◆ What the task asks:
With the pictures excluded, reproduce all of the data exactly.

━━━━━━

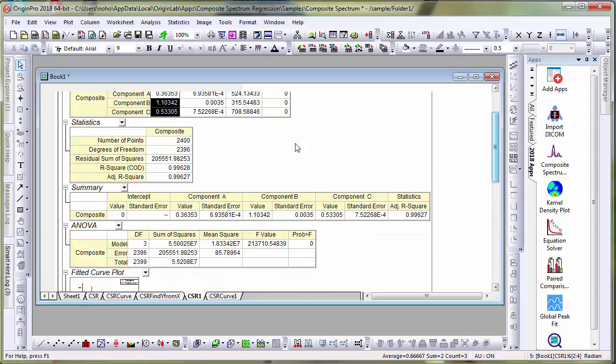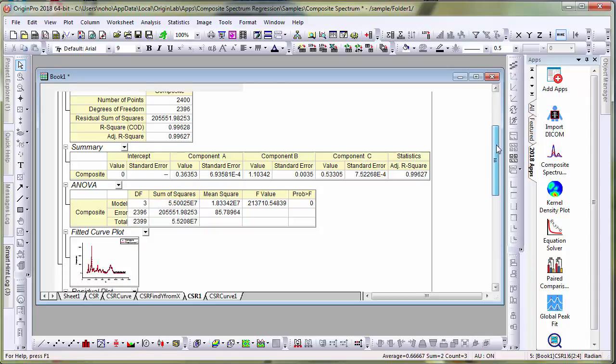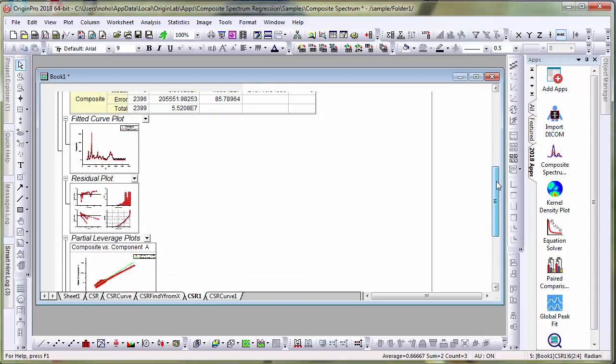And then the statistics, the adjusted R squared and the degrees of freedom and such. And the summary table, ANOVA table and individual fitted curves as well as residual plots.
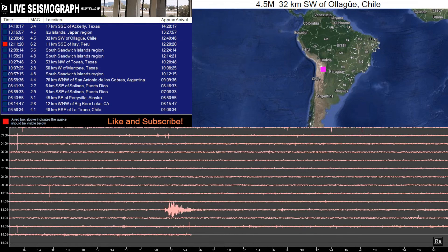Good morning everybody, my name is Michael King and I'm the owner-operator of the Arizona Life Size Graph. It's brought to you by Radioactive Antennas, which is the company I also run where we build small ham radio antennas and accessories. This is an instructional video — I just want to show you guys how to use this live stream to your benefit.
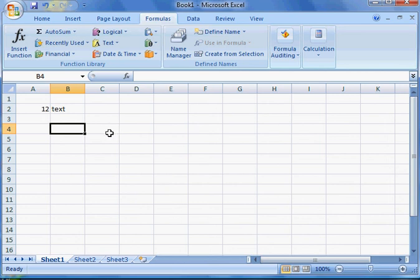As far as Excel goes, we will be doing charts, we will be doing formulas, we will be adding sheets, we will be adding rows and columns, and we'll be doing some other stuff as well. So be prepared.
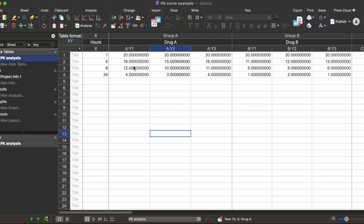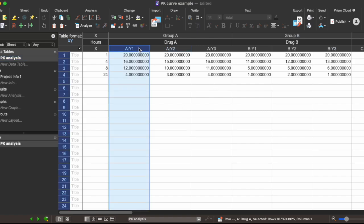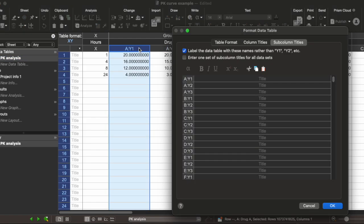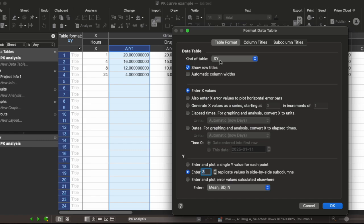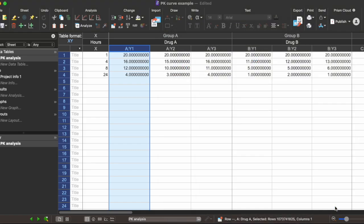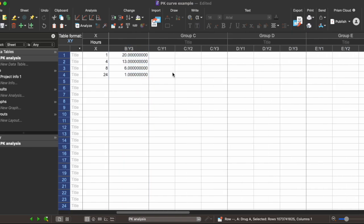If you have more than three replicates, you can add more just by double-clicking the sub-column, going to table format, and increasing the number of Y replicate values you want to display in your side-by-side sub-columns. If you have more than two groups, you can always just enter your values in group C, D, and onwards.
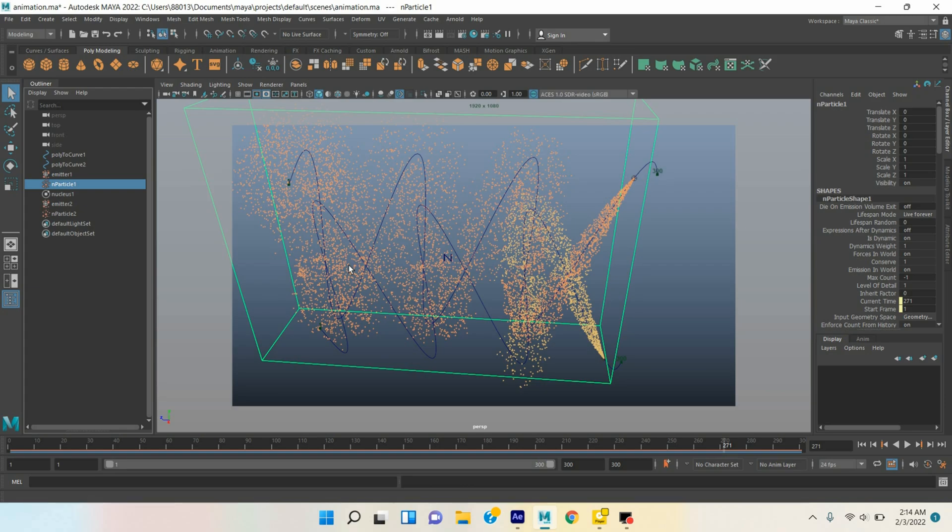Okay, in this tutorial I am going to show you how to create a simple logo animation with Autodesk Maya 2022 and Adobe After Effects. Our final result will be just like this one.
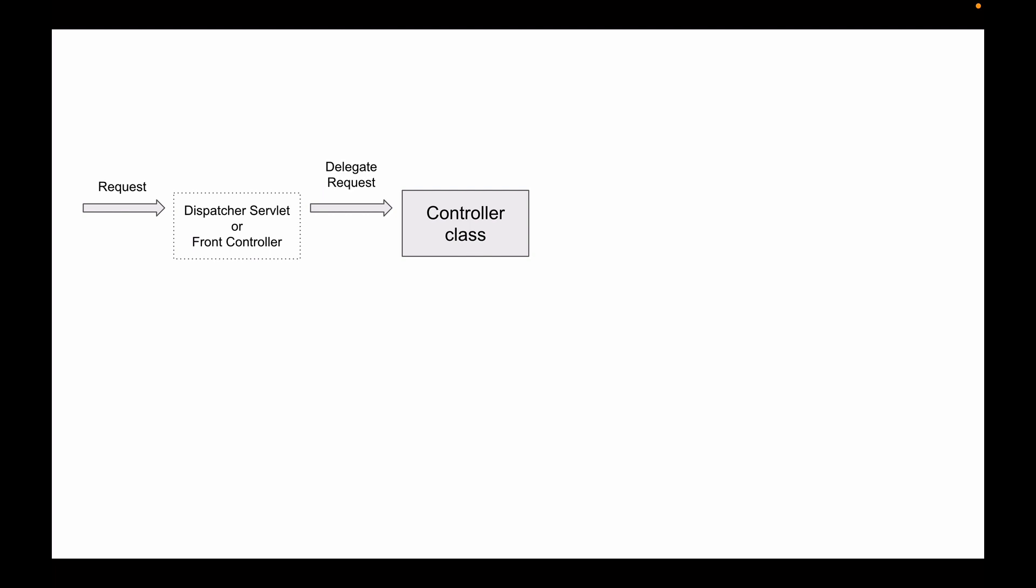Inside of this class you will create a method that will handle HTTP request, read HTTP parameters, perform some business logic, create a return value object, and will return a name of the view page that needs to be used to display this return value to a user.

━━━━━━

◆ Result:
And then the statistics, the adjusted R squared and the degrees of freedom and such. And the summary table, ANOVA table and individual fitted curves as well as residual plots.
Good morning everybody, my name is Michael King and I'm the owner-operator of the Arizona Life Size Graph. It's brought to you by Radioactive Antennas, which is the company I also run where we build small ham radio antennas and accessories. This is an instructional video — I just want to show you guys how to use this live stream to your benefit.
As far as Excel goes, we will be doing charts, we will be doing formulas, we will be adding sheets, we will be adding rows and columns, and we'll be doing some other stuff as well. So be prepared.
If you have more than three replicates, you can add more just by double-clicking the sub-column, going to table format, and increasing the number of Y replicate values you want to display in your side-by-side sub-columns. If you have more than two groups, you can always just enter your values in group C, D, and onwards.
Okay, in this tutorial I am going to show you how to create a simple logo animation with Autodesk Maya 2022 and Adobe After Effects. Our final result will be just like this one.
Inside of this class you will create a method that will handle HTTP request, read HTTP parameters, perform some business logic, create a return value object, and will return a name of the view page that needs to be used to display this return value to a user.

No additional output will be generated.